CUDA out of memory
MJHutchinson opened this issue · 1 comments
First off, thanks for making this, looks great!
I downloaded the repo and I'm trying to run examples to test out the repo before moving on. Unfortunately I'm running into a problem with running the training in that almost immediately CUDA runs out of memory. I'm running on a GTX 1050 with 4GB of RAM (about 3GB avalible to use for training), same as the 980 you mentioned you were running on? I was just wondering if you had any ideas about what could be causing this issue! Full error message below.
python main.py --network_type rnn --dataset ptb --controller_optim adam --controller_lr 0.00035 --shared_optim sgd --shared_lr 20.0 --entropy_coeff 0.0001
2018-02-16 22:22:54,351:INFO::[*] Make directories : logs/ptb_2018-02-16_22-22-54
2018-02-16 22:22:59,204:INFO::# of parameters: 146,014,000
2018-02-16 22:22:59,315:INFO::[*] MODEL dir: logs/ptb_2018-02-16_22-22-54
2018-02-16 22:22:59,316:INFO::[*] PARAM path: logs/ptb_2018-02-16_22-22-54/params.json
train_shared: 0%| | 0/14524 [00:00<?, ?it/s]

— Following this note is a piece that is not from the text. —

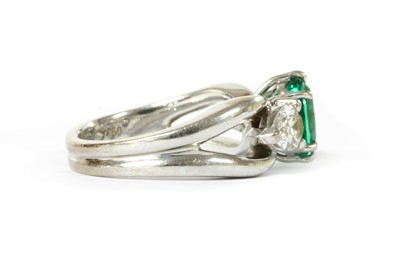 Lot 1183 - A white gold emerald and diamond three stone ring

/home/mjhutchinson/Documents/Machine Learning/ENAS-pytorch/models/controller.py:96: UserWarning: Implicit dimension choice for softmax has been deprecated. Change the call to include dim=X as an argument.
probs = F.softmax(logits)
/home/mjhutchinson/Documents/Machine Learning/ENAS-pytorch/models/controller.py:97: UserWarning: Implicit dimension choice for log_softmax has been deprecated. Change the call to include dim=X as an argument.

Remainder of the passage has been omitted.